The project is managed by The Magnet Theatre in collaboration with UCT’s Drama Department and Michaelis’ School of Art. The series attracts approximately 3 000 people each year.
The event will culminate on Sunday, September 6 in a lantern parade through the streets of the town and a performance at the Clanwilliam Showgrounds, at 5.30pm in Park Street, of a /Xam! narrative from the Bleek and Lloyd collection, thereby strengthening and returning the rich cultural history of the area to its people
The project is highly beneficial to the communit as it lights a creative spark in the participating children, who come from impoverished communities who only generally receive minimal arts and culture input.
The Clanwilliam Arts Project and Lantern Festival aims to showcase San heritage, engage with young people in a meaningful way, reduce antisocial behaviour, and hopefully create employment for facilitators from Clanwilliam while training students from Cape Town.

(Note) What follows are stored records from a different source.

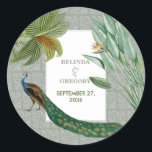 Sticker Rond Vintage Peacock Feather Tropical Greenery Mariage<br><div class="desc">Un design vintage d'oiseau paon avec verdure tropicale et motif damassé arrière - plan. Ce design est idéal pour toutes les saisons. Un design aquarelle élégant dans un thème contemporain. Un élégant autocollant de mariage avec des plumes de paon glorieuses et des éléments modernes. Des invitations de mariage et d'autres...</div>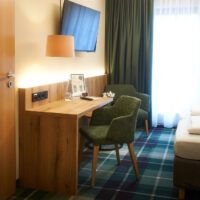 Deluxezimmer mit Schreibtisch und Steckdosen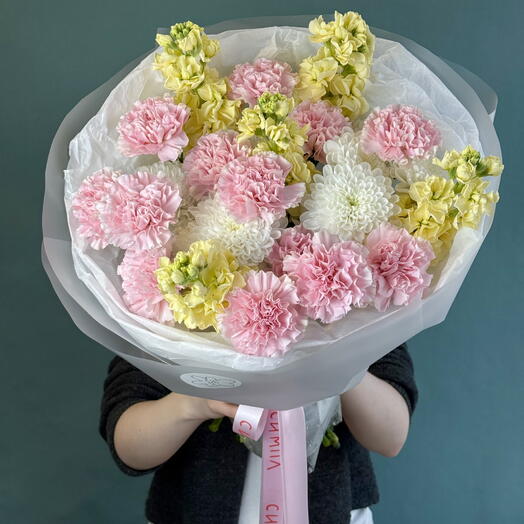 Стойкий, ароматный букет с маттиолой, пушистыми диантусами и хризантемой Алай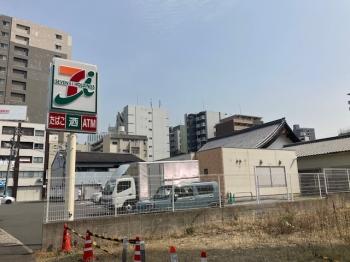 セブンイレブン名古屋泉３丁目店（徒歩１分、４０ｍ）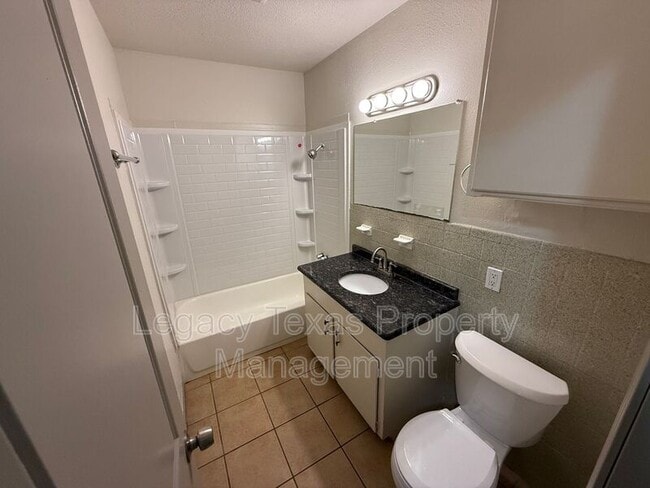 Building Photo - 1607 McAnear St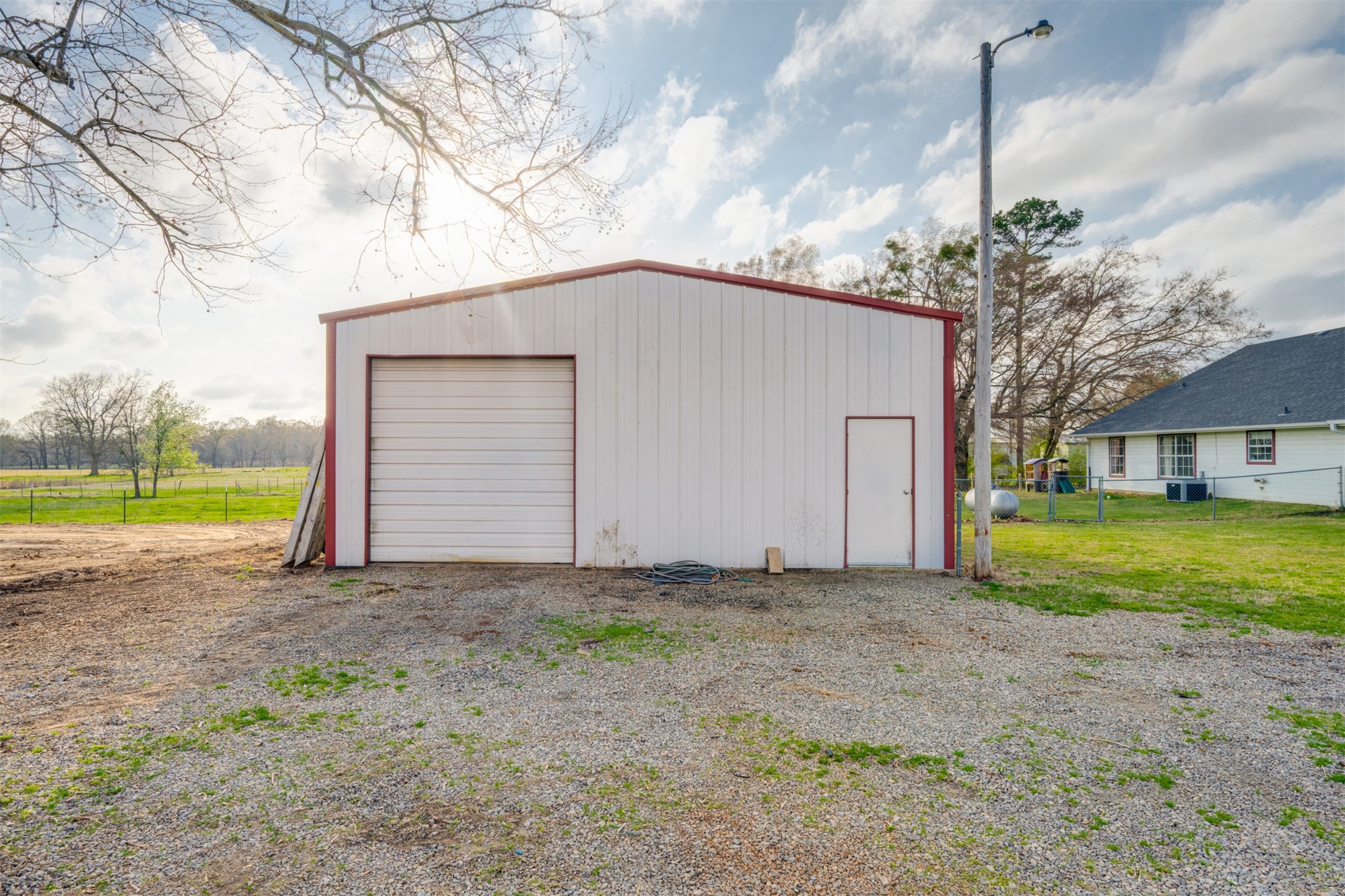 1876 Fm 906 E Powderly TX 75473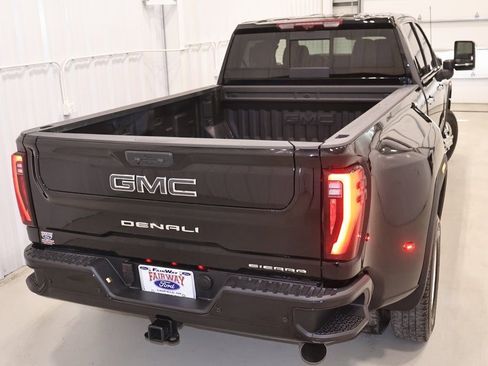 Used 2026 GMC Sierra 3500 Denali Ultimate image 53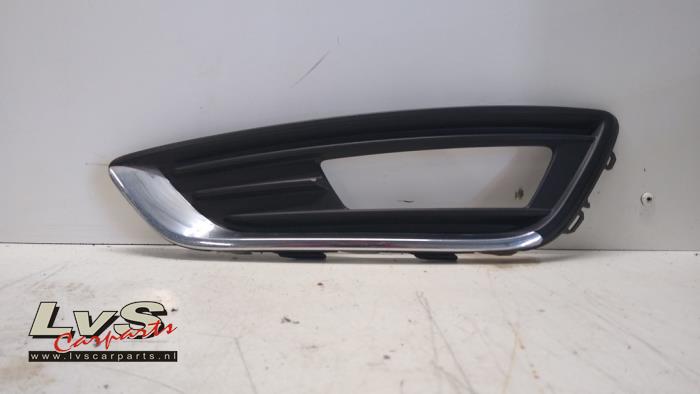 Ford Focus Plaque de protection feu antibrouillard gauche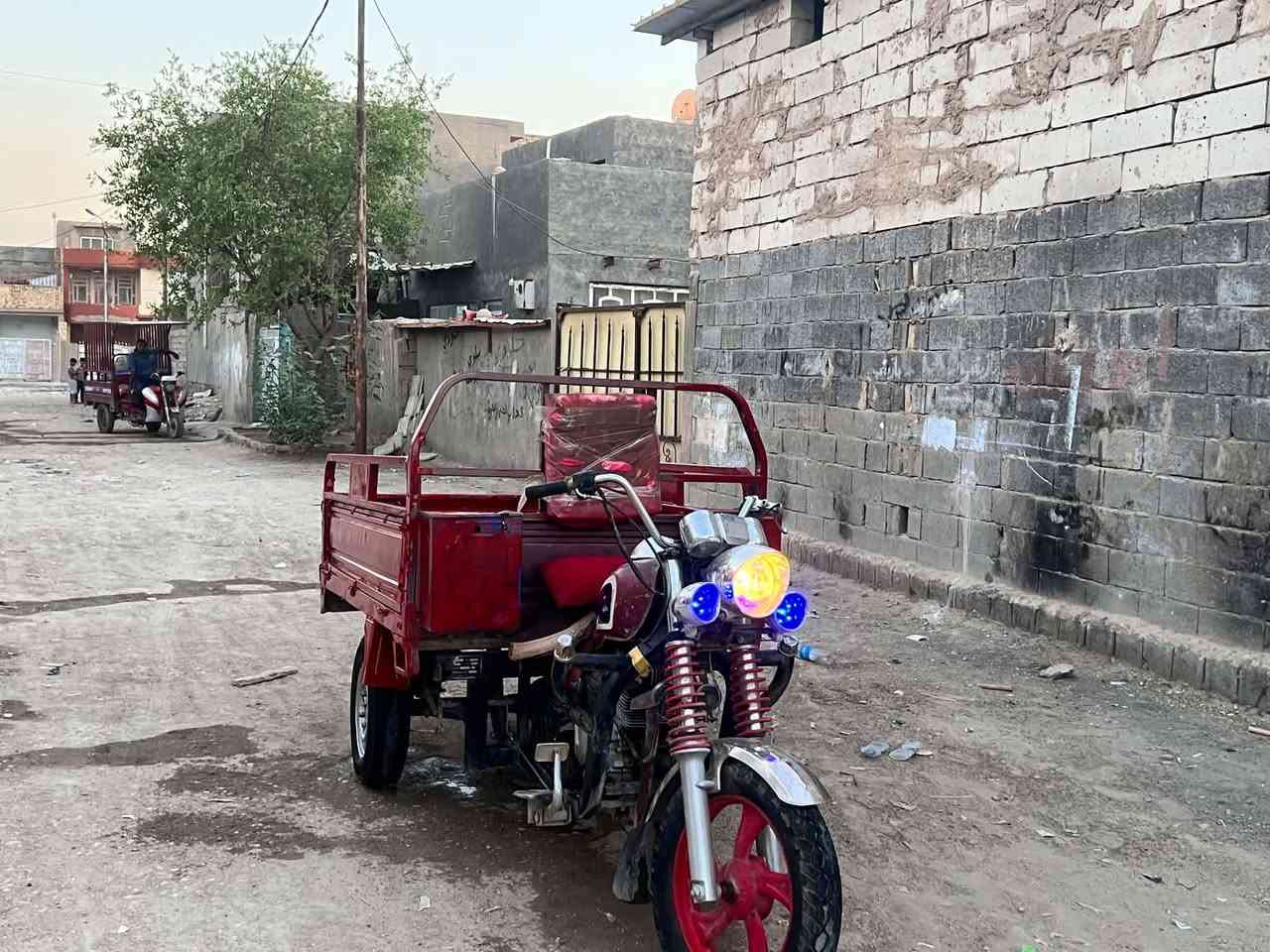 سلام عليكم شباب ستوته للبيع نضيفه سلف شغله موديل18 اوراق اصوليه 0 788 704 3962 رقم الموبايل
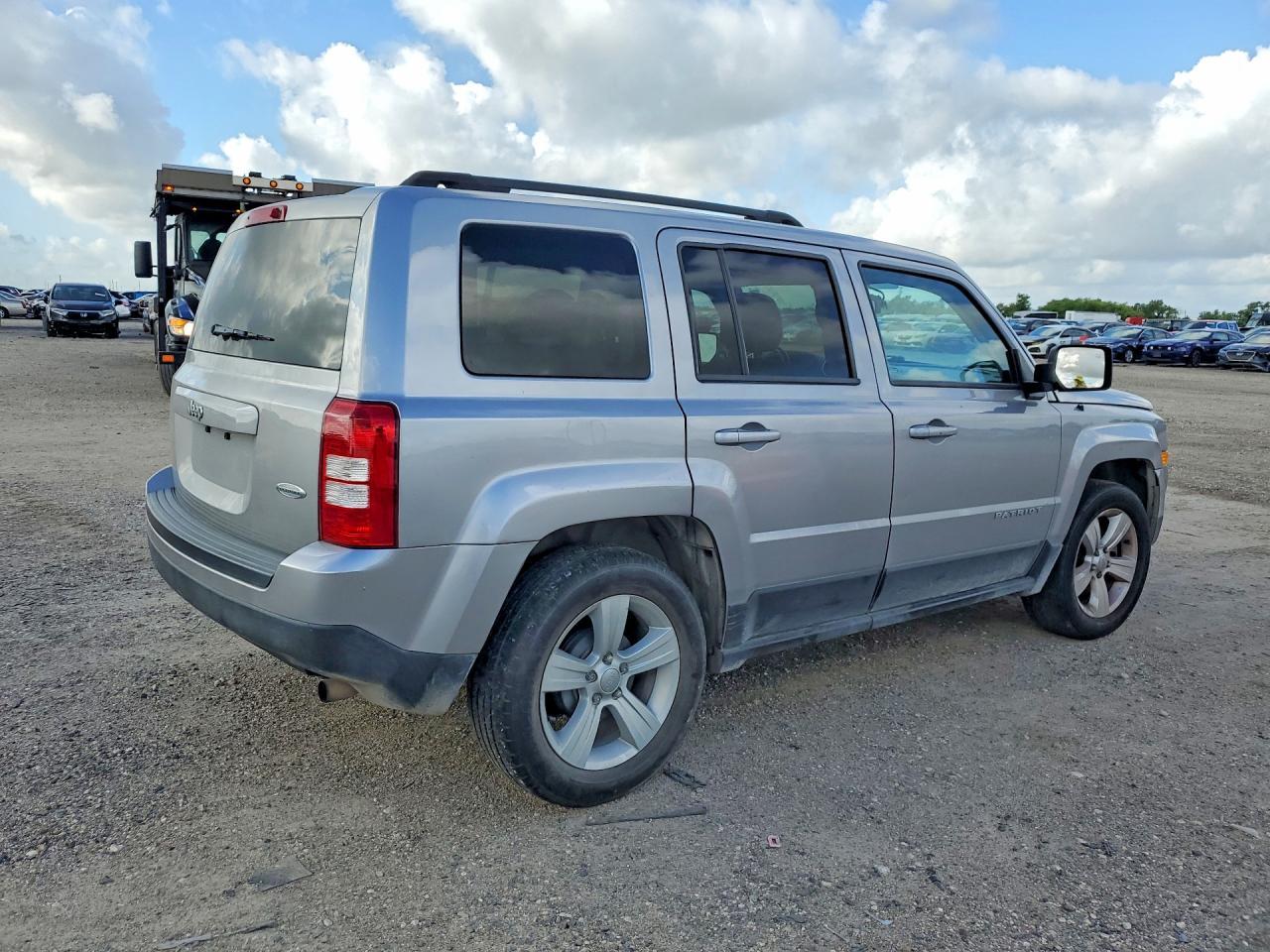 2016 Jeep Patriot Latitude - Фото 3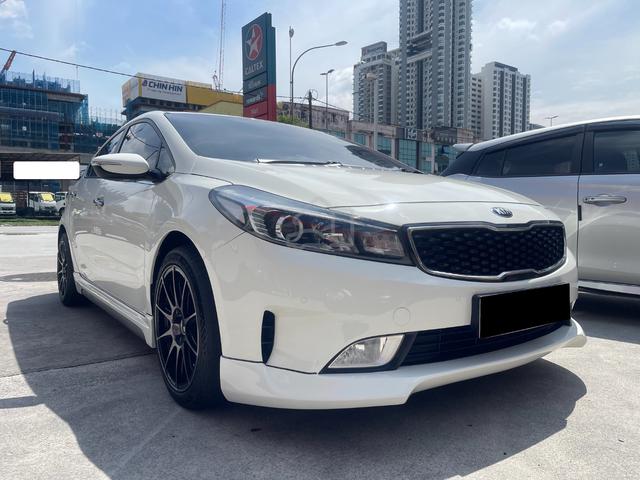 2017 Kia Cerato 2.0 (A) Sunroof Rare Model - 1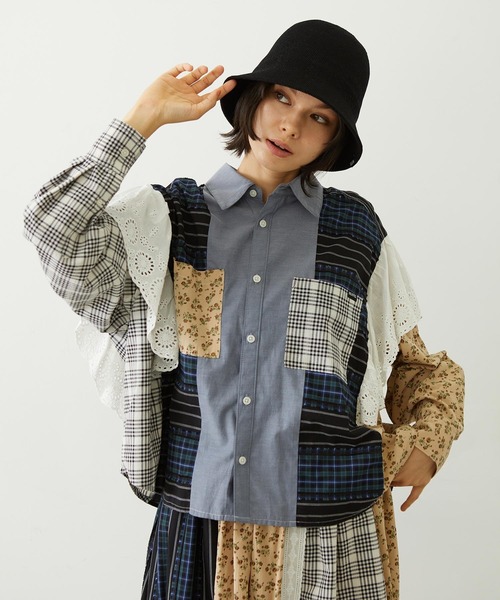 MILKFED.（ミルクフェド）の「PATCHED SHIRT（シャツ/ブラウス・レディース・ライトパープル/ベージュ/オフホワイト・ONE SIZE）」の2枚目の写真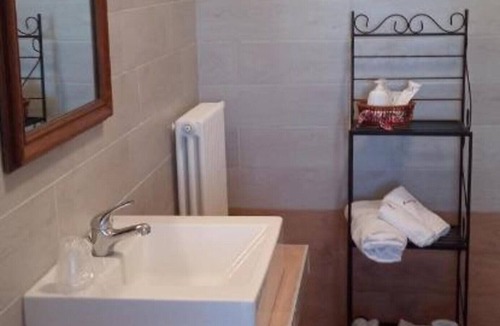 Vaglio Serra House | Holiday Home 'A Casa Di Anna' with Private Pool, Private Garden and Wi-Fi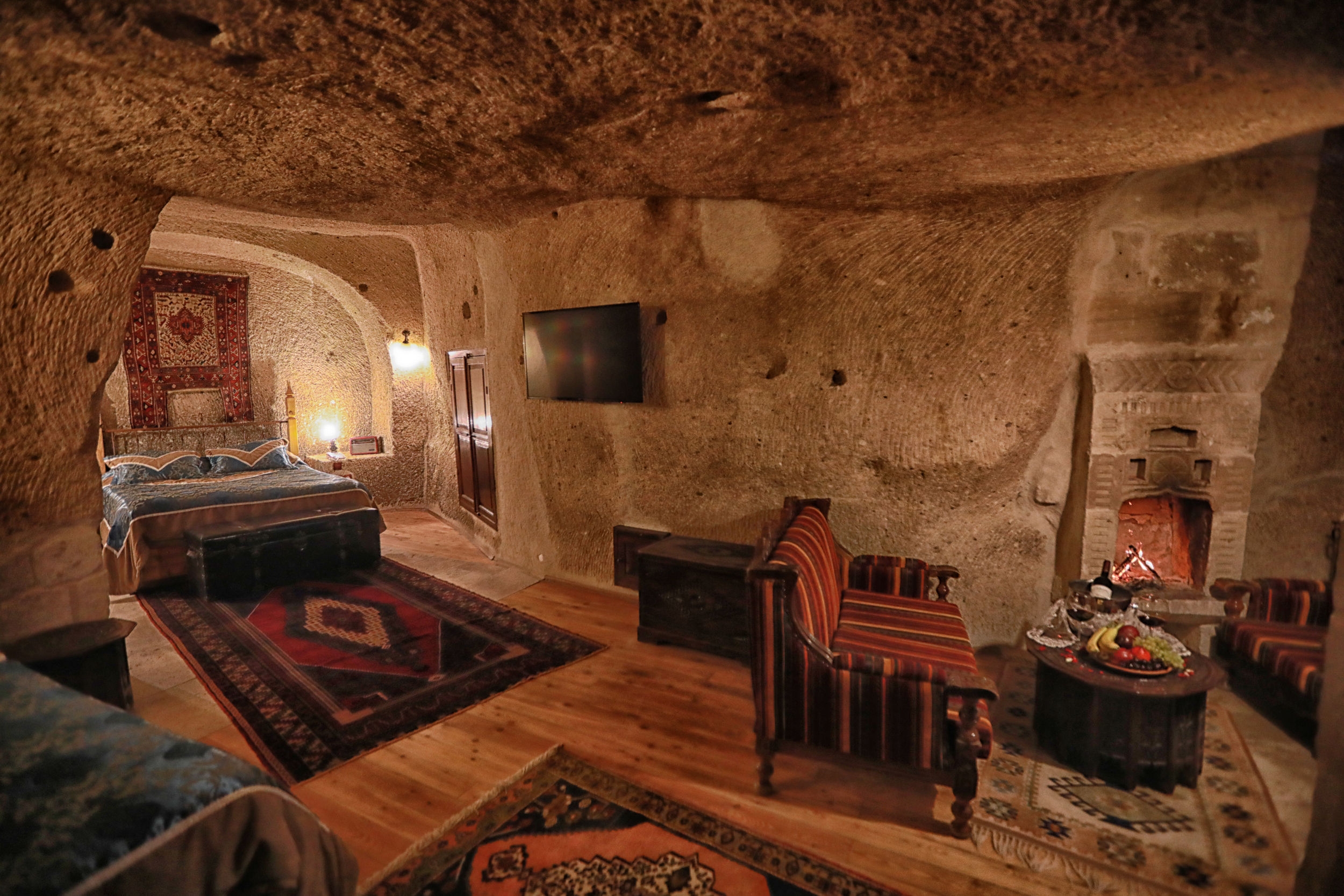 Traveller＇s Cave Hotel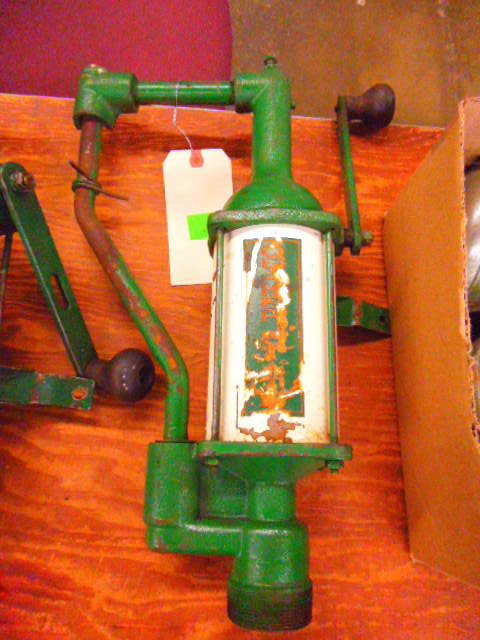 Vintage Quaker State Oil Pump: Vintage Quaker State Oil Pump. Condition: Fair used.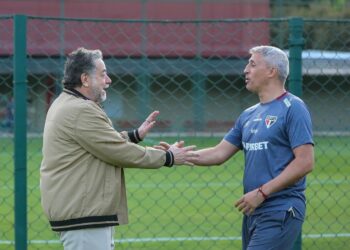 São Paulo manda comprar passagem e quatro promessas da base deixam o clube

The Magnet Theatre team believes that everyone has the responsibility to develop a more just, free and peaceful society. Fundamentally, their projects involve the possibility of developing the ability to imagine alternative realities and to dream different futures.
For 17 years The Magnet Theatre Educational Trust has invested in young people in the Western Cape through long-term interventions that develop imagination, skills and a commitment to ongoing education.